After I explained what I knew Bruce started by putting an instrument on my first telephone jack. He then pointed out the erratic voltage profile of the line - to me it appeared to be a base line of 0 voltage with blips and spikes at random intervals. He then adjusted the instrument and on the showed me the display graph which showed a wire break 58 meters away, which placed the problem at the telephone pole on the street.
Before we moved to the telephone pole I showed Bruce the card left by the previous Telstra technician with the box indicating 'no fault found' ticked off. Bruce threw his head back and had the heartiest laugh that I've seen in months.
| Pit at Base of Pole |
| Searching for Free Pair |
Bruce then climbed to the top of the pole where only the cable from my house was connected and he immediately spotted the problem: one of the wires was broken - not a flaky loose connection but a definite clean break. He then got to work giving me an alternate pair of wires from the bundle below and soon the system was ready for testing. Before we left the pole Bruce strapped down my cable run down the top of the pole with plastic ties and re-routed the cable so that it entered the junction box at the top of the pole from below and not the side in order to protect the wires from the sun's UV radiation, which he reckoned had caused the break.

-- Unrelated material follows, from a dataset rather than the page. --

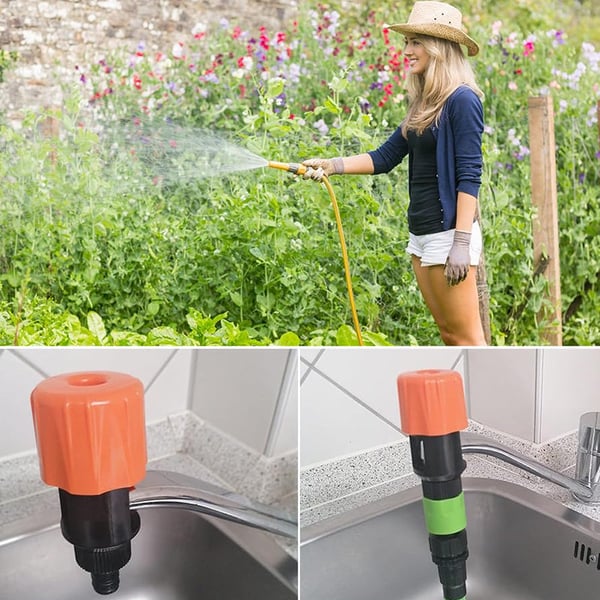 Universal Faucet to Garden Hose Connector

While he worked he chatted away answering my questions about both the current telephone technology and the Telstra organization. I don't want to say too much in even this private blog, but in general I got a picture of a bloated organization with poor controls and where everyone lies to everyone else. Some technicians will deliberately do a shonky job in order to get another callout in 3 months, and the company does not seem to have controls in place to monitor the work quality of individuals.

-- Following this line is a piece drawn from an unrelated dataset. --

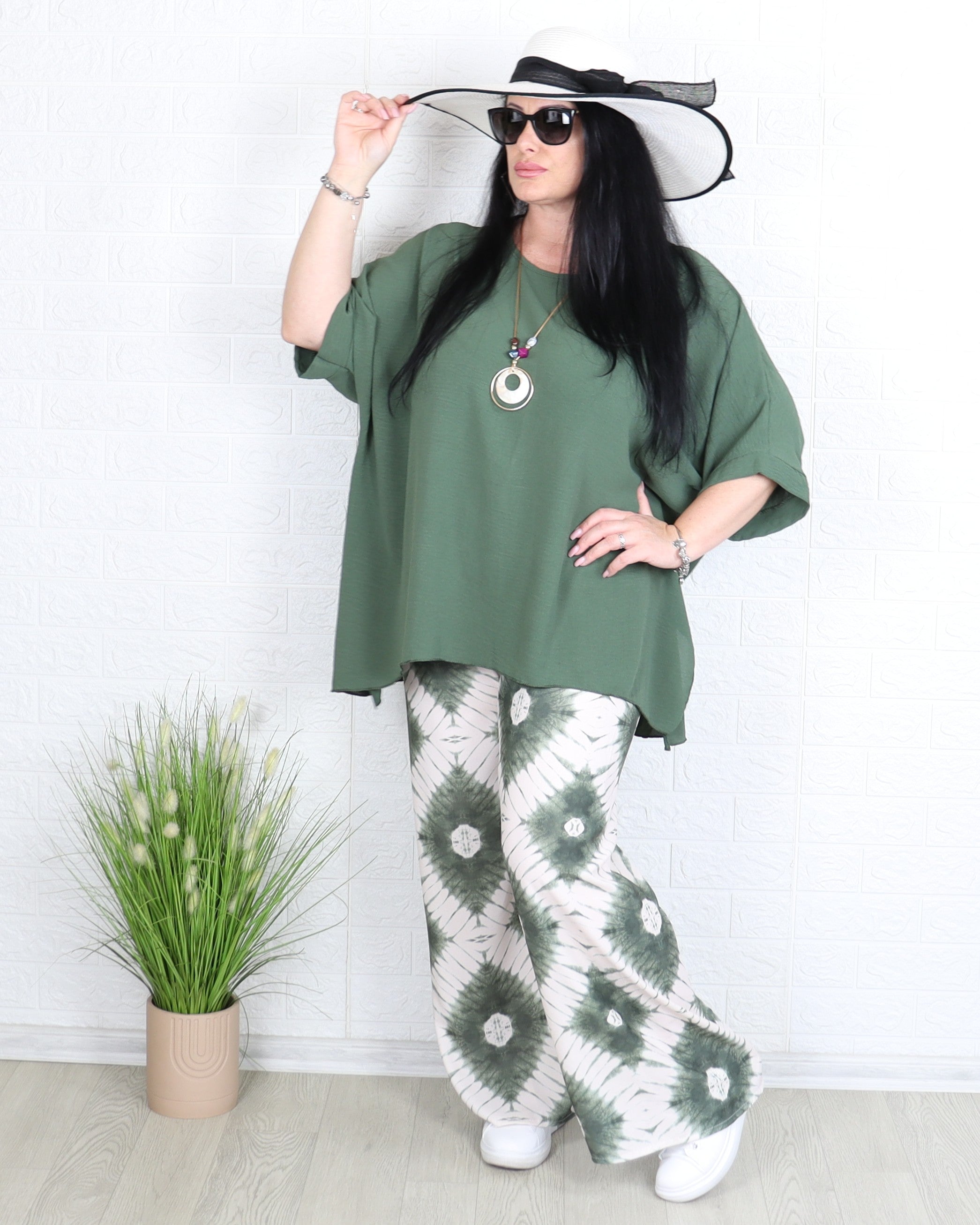 Комплект - Комплект MELISA - военно зелено - Muudsfashion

On the technical side, the 50V on the line is to carry the voice signal. The ADSL (ie internet) signal passing through the same line using frequency modulation. The "splitter" used to separate ADSL from voice at the wall plug passes the raw signal to the ADSL side but filters out the ADSL signal on the voice side, otherwise I would hear a whining sound on my telephone. I asked Bruce if the USA had the same system and he thinks that it is the same because all of the diagnostic equipment that he imports from the USA works fine here.
| Bruce at Work |
| Junction Box at Pole |
After Bruce left I telephoned Exetel to give them the good news. I told them that they could close the job on the understanding that it would be reopened in the unlikely event that I had problems with the ADSL service. I also put the boot into the first technician and asked Exetel to advice Telstra that their man had either lied about checking my line or had shown unbelievable incompetence in not finding the problem at the pole, and he had wasted the time of Exetel, myself, and Telstra.
On our side, Stephen and I acquitted ourselves well. From starting off with little knowledge of the issue we learned to probe for 50V on the line, eliminated the house as being the problem, and were looking at the pole with great suspicion. We also learned the definition of a NBP and were able to inform Exetel that Telstra's obligation extended to my first telephone jack. Wonderful as this work was, I must say that it is pretty sad when the customer has to do all of this research to protect himself, and then climb into the attic to probe the incoming telephone line.
My next step is to find the wireless router which is somewhere in the garage and try to set it up.
On the renovation front, Paul telephoned yesterday and the roofing material will be delivered to the house on Monday, so hopefully the house will have been re roofed by the end of the coming week.